In an age of imitation, Rob's Café and Roxanne's Café are two classic diners 

I recently stopped in to take a look at Fran's Classic Diner, the new 24-hour restaurant in the Power & Light District, and I decided it's really a diner in name only. It looks much more like a spiffy 1960s airport coffee shop — that's actually part of its charm — complete with porthole windows peeking into the kitchen. The menu leans more toward upscale coffee-shop fare, too.

Real diner fare dates back to the early 1900s, when such venues had evolved from rough-and-tumble lunch wagons to something simpler but snazzier — more like railroad dining cars, as restaurant historian John Mariani has pointed out, with similar amenities: booths, ventilators, exhaust fans and toilet facilities. "All of which," Mariani notes, "helped make them fit establishments for women to dine in."

All good diners still share some characteristics: breakfast all day; snappy service; inexpensive dinners that typically include soup or salad, a vegetable and a roll. And the kind of hearty, pretentious cooking that we now call home style because most of us probably don't prepare dishes such as chicken-fried steak or roast beef and gravy at home. Why would we? It's cheaper and less complicated to order such meals in a restaurant.

The classic diner is also open 24 hours (as Fran's is), though there aren't many of those left in Kansas City. The closing of Independence's Heriford Grill and midtown's venerable Nichols Lunch earlier this decade really marked the end of an era that began nearly a century ago with the H.S. McClintock Restaurant, the city's first 24-hour dining spot, which operated a few blocks from where Fran's Classic Diner is now.

Family-owned diners were once an integral part of downtown life, but these days they're difficult to find in the urban core.

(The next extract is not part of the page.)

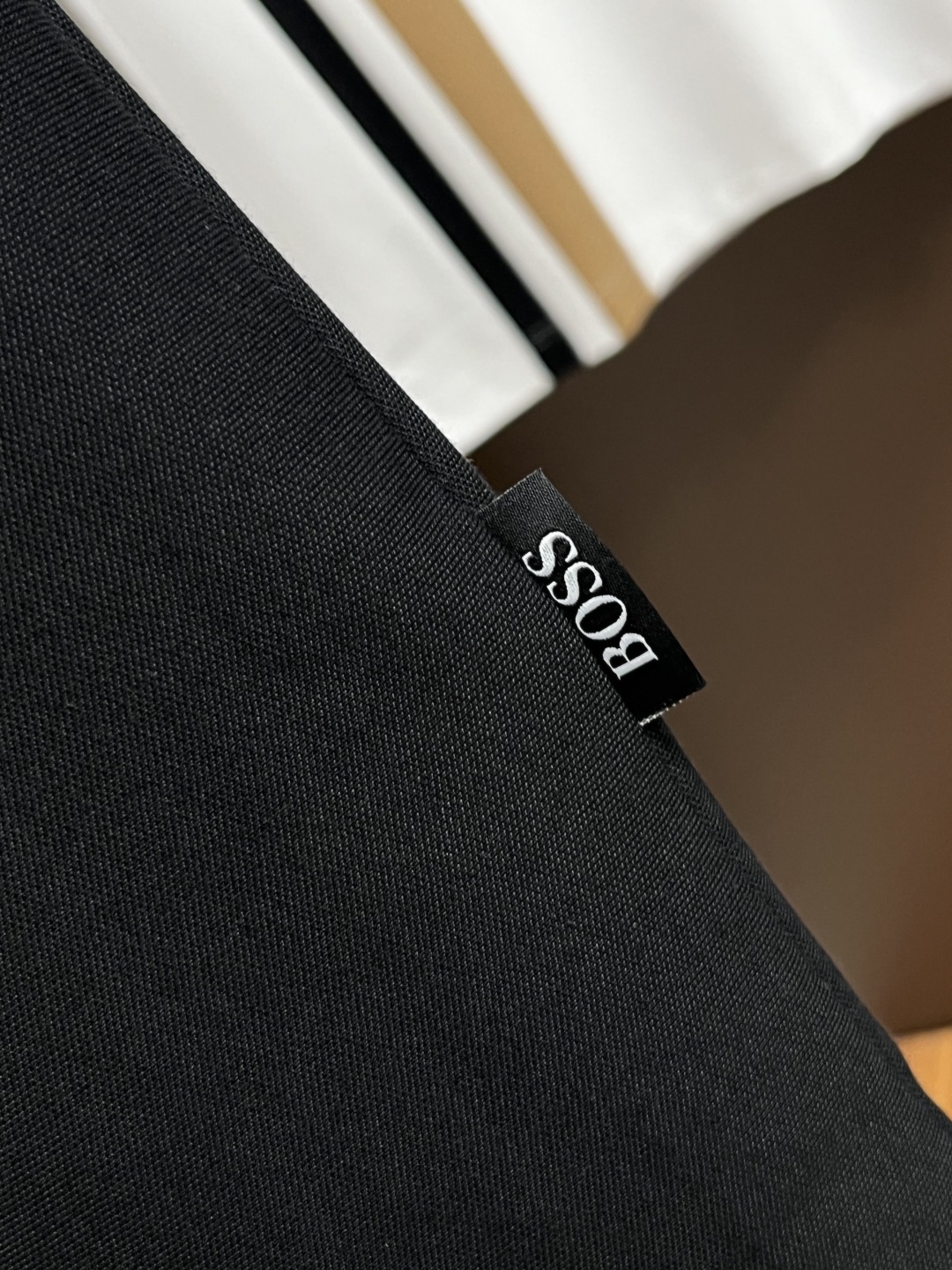 Boss Classic Polo Shirt, Modern Fit, Short Sleeve, Soft and Breathable 7 cmp i1749722756287 3917 0 5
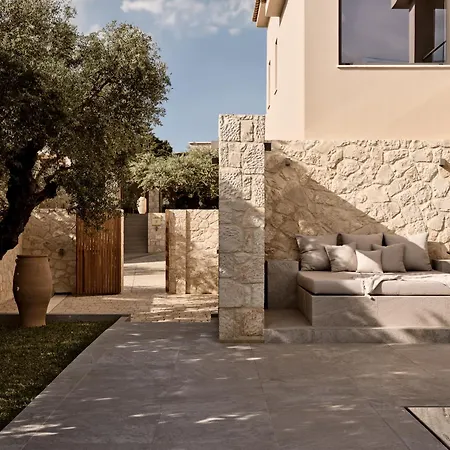 Cielo - An Authentic Mediterranean Living * Zakintos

They're plentiful in the suburbs, though. Take, for example, the little melon-colored building on U.S. Highway 40 that's now called Rob's Café. Some kind of diner has operated in this location, adjacent to a motel, for nearly 40 years; it has been Rob's Café only since April.

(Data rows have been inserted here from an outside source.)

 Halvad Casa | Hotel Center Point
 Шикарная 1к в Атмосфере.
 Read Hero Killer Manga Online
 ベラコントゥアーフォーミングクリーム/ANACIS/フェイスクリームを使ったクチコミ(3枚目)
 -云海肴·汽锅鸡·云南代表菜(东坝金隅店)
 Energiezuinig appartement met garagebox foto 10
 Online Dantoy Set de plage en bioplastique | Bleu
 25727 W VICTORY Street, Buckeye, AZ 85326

"It was Debbie's Diner for a long, long time," explained our sassy, red-haired waitress, Marge, as she poured iced tea into a plastic tumbler. "But Debbie was killed in a car accident right in front of here on Highway 40. So Rob Griffey took it over. He used to be a cook at Little Richard's Family Restaurant in Independence. He really cleaned the place up. It's got all new appliances now. Everything's homemade. You can't beat the food here."

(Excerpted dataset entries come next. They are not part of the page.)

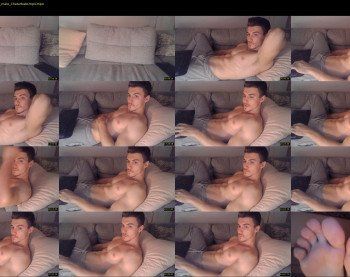 eddieds — 50 minute Chaturbate male cam show recording, 720p, Jun 7, 2019
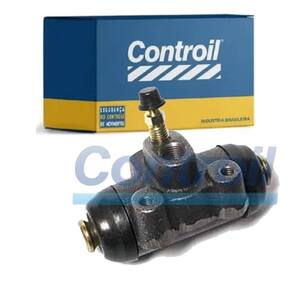 Cilindro De Roda Chevette 1980 A 1986 - Controil C3394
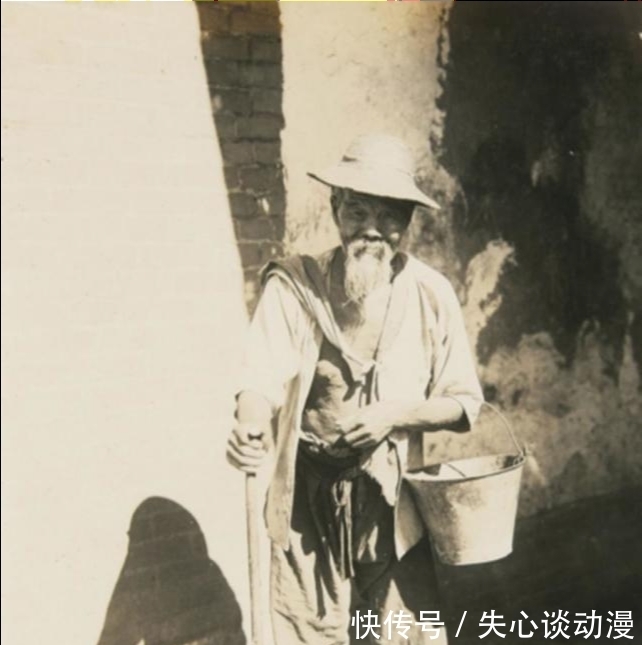 乌拉草|日本情报人员拍摄的老照片:这才是张作霖统治下的东北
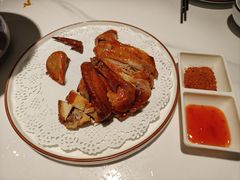 -南山翁新概念川菜(红山常发广场店)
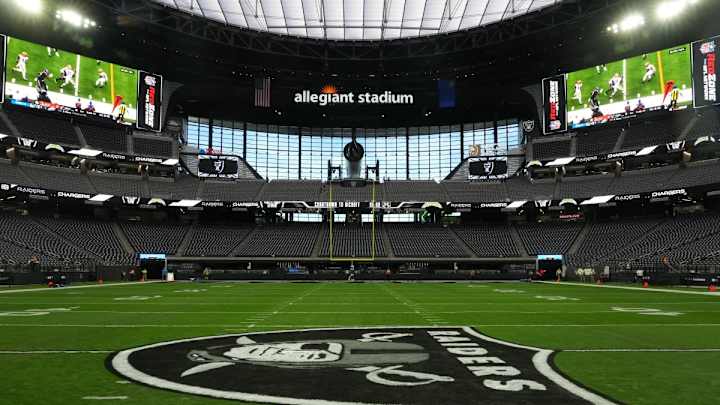 Raiders to Name Walker Assistant Quarterback Coach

I had fallen in love with the place on the morning I stepped in — one of the cooks was complaining that he had squeezed all the orange juice by hand that morning. "Our Jack LaLanne juicer was on the fritz," he said.

The spick-and-span dining room is relatively small, with fewer than a dozen tables, and the lunch crowd tends to be mostly men: a lot of muscular, blue-collar workers. The waitresses, who wear hot-pink T-shirts, are restaurant veterans and pros. While you're looking over the laminated menu, they aren't afraid to tell you what dishes they like and the ones they don't care for.

When I had lunch there last week, I was torn between that day's special, lasagna with a salad and garlic toast for $6.50 (featured dishes are written in marker on a whiteboard), or the restaurant's signature Tom Boy Sandwich, a ground-beef patty grilled medium, dipped in batter and deep-fried "to a golden crisp" and topped with grilled onions.

"Honey, it's a great burger," Marge assured me.

My friend Bob had ordered a patty melt (the bread was a little scorched) and a side of excellent steak fries. After I finished a cup of "Tex-Mex soup" (chili, really), I decided to tempt fate and order the battered, deep-fried burger. It was crunchy and a little dry, and probably needed a little dab of mayo. Not bad, but I would never order one again. Ever.